To make the tomb sure meant that the stone would have been removed from the entrance so the religious leaders and the Roman soldiers could confirm the body of Jesus was actually there. Obviously it was present and accounted for, seeing that the soldiers sealed the tomb with the Roman signet. The motto in those days was, “Break a Roman seal, and lose your life.” Finally, they set a watch, which meant sixteen Roman soldiers were posted nearby, four of which were stationed at the door of the tomb. We know for certain that there were more than two soldiers on duty because Matthew clearly states that “some of the watch came into the city” after Christ’s resurrection (Matt. 28:11,12).

As dawn was breaking on resurrection morn, the air, in all probability, was cool and crisp. When Mary Magdalene, Mary the mother of James, and Salome arrived at the burial plot, they were amazed to find that the massive stone had been removed and the tomb was empty (Mark 16:1-3). When Peter and John arrived on the scene, they too were puzzled, but eventually realized that the reason the body was gone was because Christ had risen from the dead, as He had promised (John 20:19,20). The secured tomb was empty, which bears witness to the fact that Christ did indeed rise from the dead. Even the unbelieving Roman watch confirmed that the tomb they had been guarding was empty (Matt. 28:11-15).


“And, behold… the angel of the Lord descended from heaven, and came and rolled back the stone from the door, and sat upon it” (Matt. 28:2).

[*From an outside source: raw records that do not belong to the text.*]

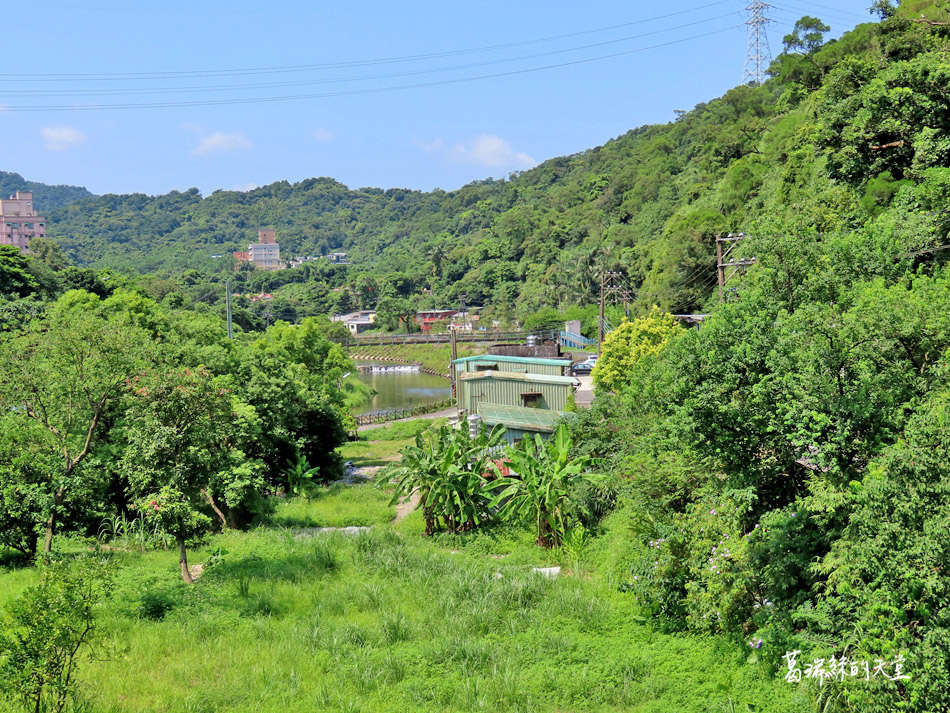 北部免費玩水景點-暖暖親水公園 (3).jpg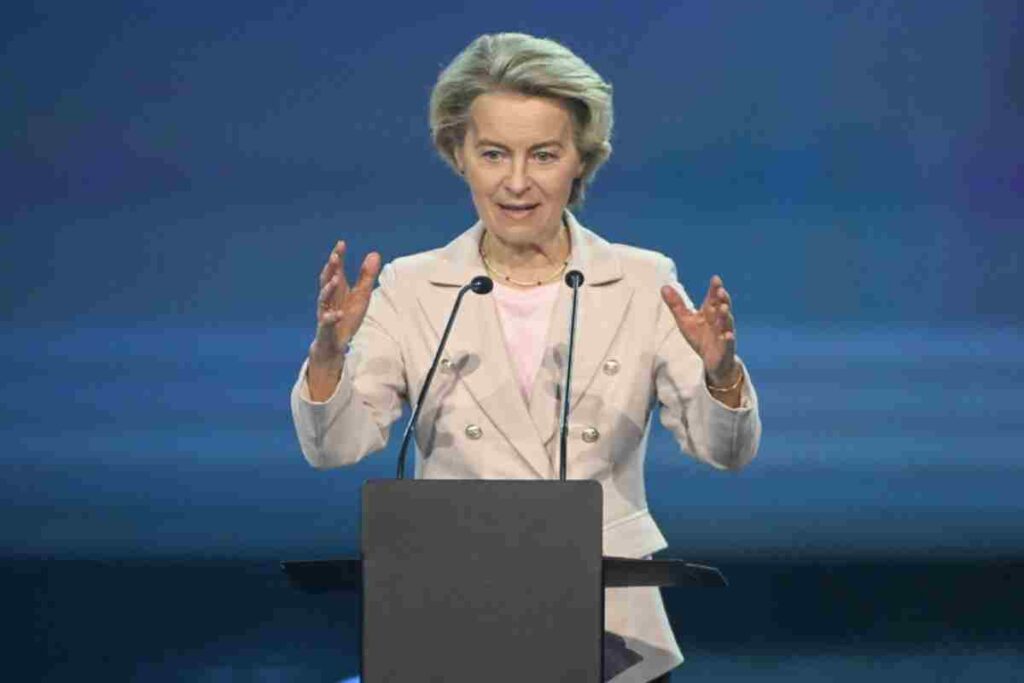 Europa vassalla e rinascita degli imperi, ci aspetta un brutto futuro: dove ci porterà il fallimento dell’Unione? Nella foto Ursula von der Leyen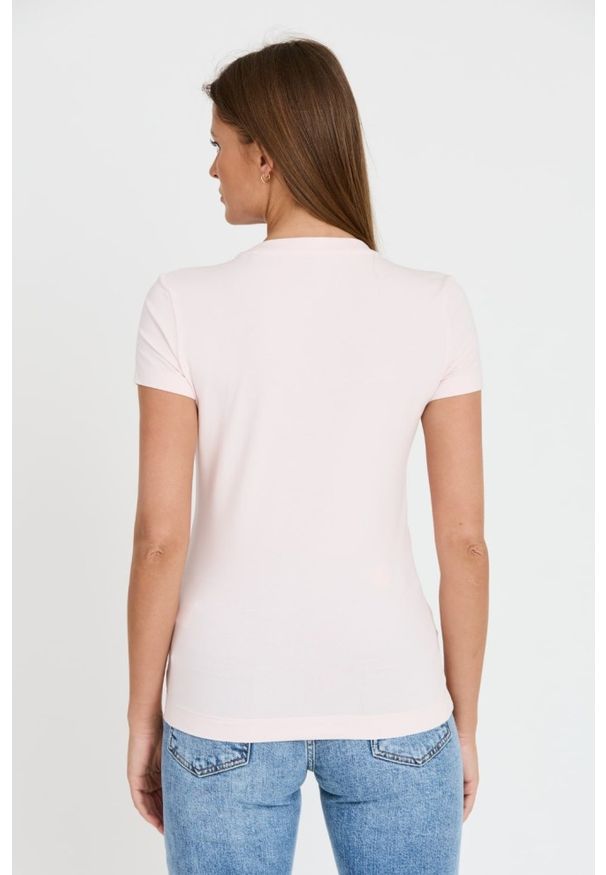 Guess - GUESS Różowy t-shirt Floral Triangle Tee. Kolor: różowy
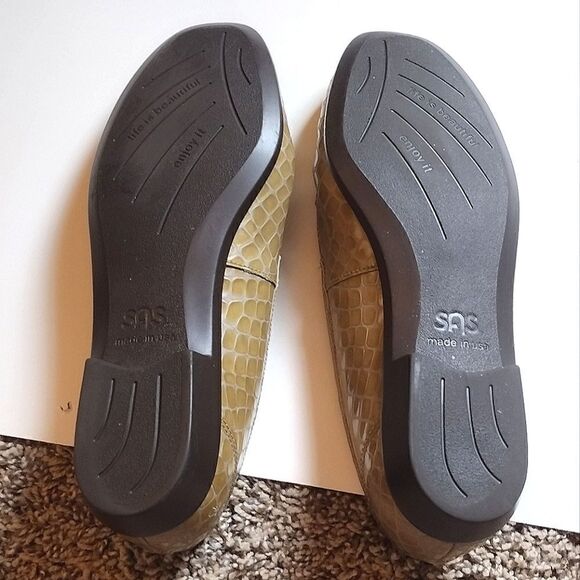 SAS Womens 7.5 M Tripad Loafers Beige Croc Slip On Flats with Comfort Foot Bed - Picture 5 of 8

It is interesting that, according to the four Gospels, there were two different appearances of the angels on the day Christ rose from the dead. As messengers of God, they announced the Savior’s birth, and now one of them announces His resurrection. But is it possible for one angel to move what Mark calls a “very great” stone (Mark 16:4), estimated to weigh well over a ton? The strength and ability of the angels of God go far beyond our comprehension; they are supernatural beings. For example, in the days of Hezekiah, one angel smote dead 185,000 Assyrian soldiers in one night (II Kings 19:35; Isa. 37:36).

The account given to us by Matthew makes it very clear that the Lord had already risen from the dead prior to the angel of the Lord rolling the stone away from the doorway. You see, the removal of the stone was for our benefit.  It was removed by the angel so we could see the tomb was empty. This is why the angel said to the women present that day, “Fear not ye: for I know that ye seek Jesus, which was crucified. He is not here: for He is risen” (Matt. 28:5,6).


Luke records for us that the Lord showed Himself alive by many infallible proofs —undeniable, irrefutable proofs (Acts 1:3). In addition to the aforementioned witnesses, the Lord was seen by over 500 brethren at once in Galilee (Matt. 28:10; I Cor. 15:6). This was followed by perhaps the most credible evidence of all: He appeared to James and Paul, both of whom rejected Him before His resurrection.

Paul’s experience on the road to Damascus, when He saw the resurrected Christ, was similar to that of Thomas, who couldn’t deny his senses and said, “My Lord and my God!” But there’s still another infallible proof for those who believe: He lives in our heart by faith. Amen!